The craze slowed down. Millions of gardens were abandoned.
On Wednesday, there were about six inches of snow on the ground outside Albany, where Leah Penniman works as the farm manager of Soul Fire Farm, but next week, she and her team will build a vegetable garden for a refugee family in nearby Troy, N.Y.
Ms. Penniman, the author of “Farming While Black,” stressed that provision gardening wasn’t new, not even a century ago when the federal government partnered with private organizations and grass-roots efforts to promote gardens in pamphlets, posters and short films.

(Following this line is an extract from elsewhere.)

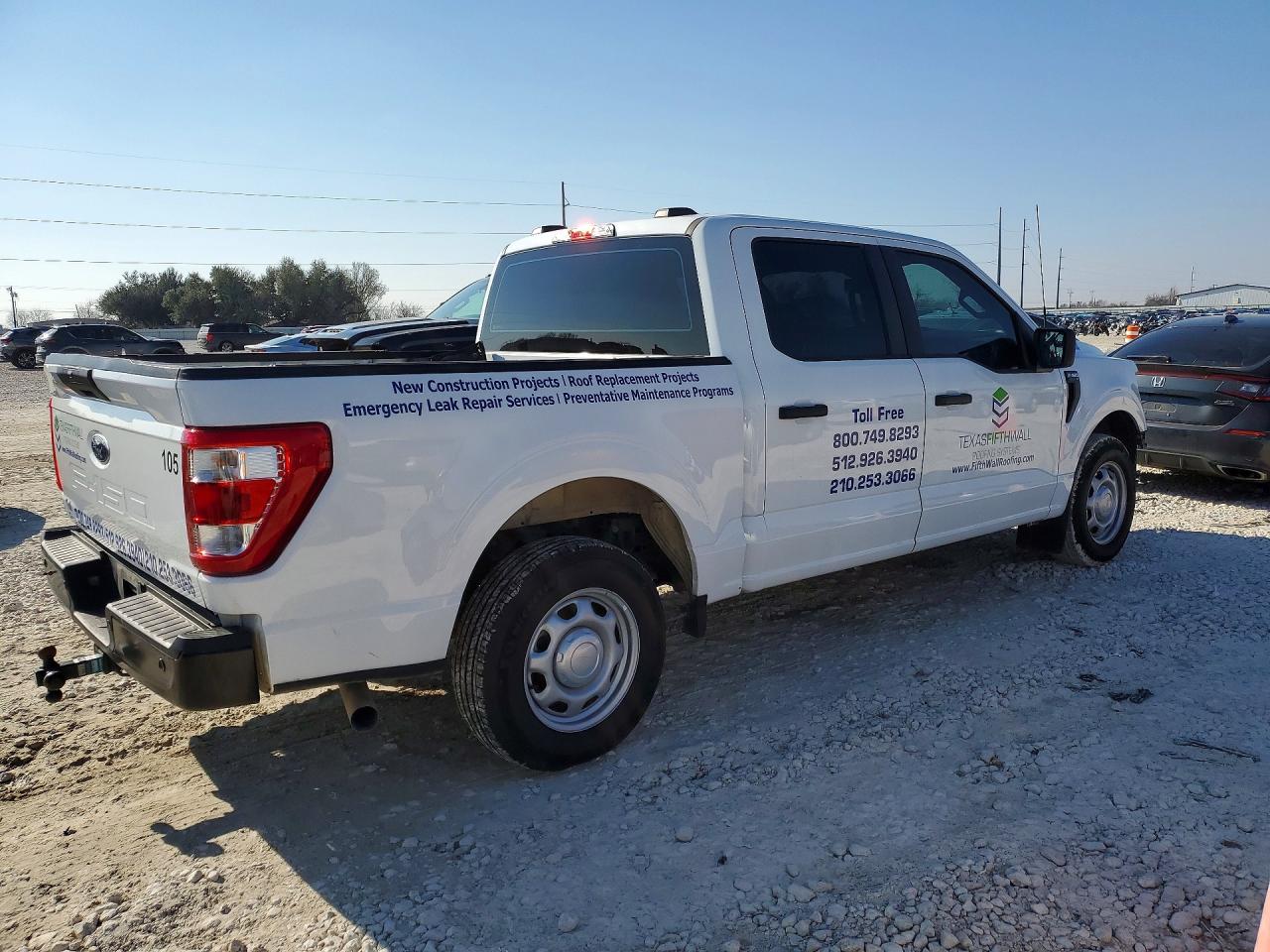 2022 FORD F150 SUPERCREW photo 3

“What we stand for now is what our elders and ancestors have always stood for,” Ms. Penniman said. “To free ourselves, we must feed ourselves.”
Soul Fire Farm builds about 10 large gardens a year for households, schools, churches and communities in need of fresh food, providing the labor, lumber, soil and coaching to complete each project.
After sending out an email on Monday to remind people of the program during the pandemic, Ms. Penniman said she had already received 50 requests — the demand for five years’ worth of gardens in a single day.
“In some ways we’ve been preparing for this all our lives as organizers and as small-scale farmers,” she said. “As we see the systems we’ve come to rely on show their cracks, we are called to rise to the moment.”